El orgullo surge en diversos ámbitos. Uno de los más peligrosos es el ámbito intelectual, que surge en el mundo del espíritu.
A lo largo de la historia ese orgullo intelectual ha herido a miles de seres humanos, hasta llevarles a defender su completa autonomía y a despreciar a otros al considerarlos ignorantes, inferiores, incultos.
Sobre este tema, un sacerdote carmelita, el Padre María Eugenio del Niño Jesús (1894-1967), beatificado en el año 2016, escribía:
“Al enfrentar la inteligencia contra el objeto de la fe, el libre examen protestante ha exaltado el orgullo de la inteligencia. Al proclamar los derechos absolutos de la razón, la Revolución francesa ha hecho de ello un pecado social. Los descubrimientos de la ciencia, pareciendo que justifican las pretensiones de la razón por un dominio supremo sobre todas las realidades de la tierra para excluir de ellas definitivamente a Dios, lo han convertido en un pecado casi imperdonable para la generalidad de los espíritus de nuestro tiempo” (“Quiero ver a Dios”, Editorial de Espiritualidad, Madrid 2002, p. 404).

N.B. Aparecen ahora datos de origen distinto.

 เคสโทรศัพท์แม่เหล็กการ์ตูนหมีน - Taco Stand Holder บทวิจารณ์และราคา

En las líneas siguientes de esa misma página, el Padre María Eugenio describía los últimos frutos de ese orgullo de la inteligencia y su presencia en nuestros días:
“Este pecado social, cuyos últimos frutos son el agnosticismo filosófico, el liberalismo político y el laicismo escolar -de los que está saturada la atmósfera-, ha penetrado en los medios mejor preservados y se traduce en la costumbre de apelar al tribunal del propio juicio y en la dificultad de someterse al simple testimonio de la autoridad. La fe se hace así más exigente de luces precisas y, menos sumisa, camina más lentamente en la oscuridad hacia su objeto divino. Es este orgullo, causa de la apostasía de las masas, el que niega a tantas almas sedientas de luz y de vida el acceso a las fuentes que podrían apagar su ardiente sed; el que, asimismo, detiene a tantas inteligencias distinguidas, creyentes no obstante, ante las oscuridades divinas donde no se entra sino por la mirada simple de la contemplación”.

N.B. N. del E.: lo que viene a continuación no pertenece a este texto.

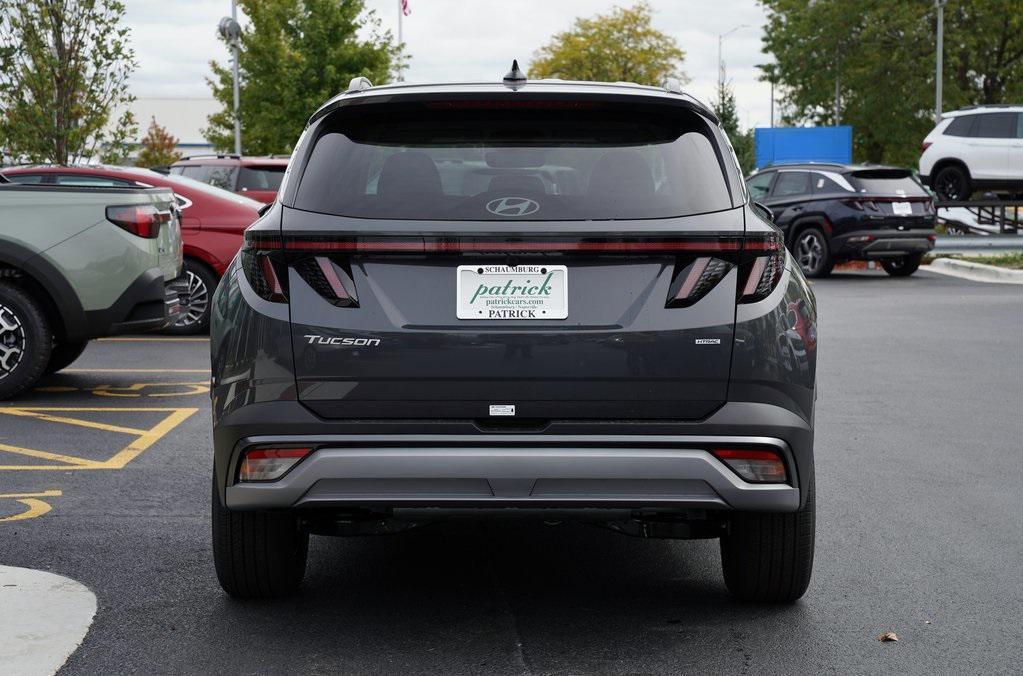 new 2025 Hyundai Tucson car, priced at $35,105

En otra sección de la obra antes citada, el Padre María Eugenio había fijado la atención sobre diferentes daños provocados por el orgullo en la inteligencia humana, con un diagnóstico semejante al apenas reproducido:
“Al proclamar el principio del libre examen, la Reforma protestante sustrajo la inteligencia a la autoridad de la Iglesia, la separó progresivamente de los dogmas y de todas las obligaciones. Así liberada, a la razón se la deifica bajo la Revolución francesa y proclama sus derechos absolutos. Reina en todos los terrenos, llega a ser sucesivamente deísta, atea y, en su aislamiento, termina dudando de sí misma y de todas las percepciones de los sentidos. Ha renunciado a lo sobrenatural y perdido el gusto por las especulaciones metafísicas. Se ha vuelto a la materia para mejorar la vida terrestre del hombre. Los descubrimientos científicos que han recompensado su nuevo celo han aumentado su confianza en sí misma; pero, al aumentar el bienestar y disminuir el esfuerzo, han contribuido a la anemia del cuerpo al que debían servir. Un individualismo orgulloso, enemigo de toda imposición de la autoridad, que exalta el egoísmo personal, se implantó en las costumbres; un individualismo inquieto, porque incluso con placeres siempre nuevos no podrían aplacar la necesidad profunda de nuestra alma creada para el Infinito” (“Quiero ver a Dios”, p. 104).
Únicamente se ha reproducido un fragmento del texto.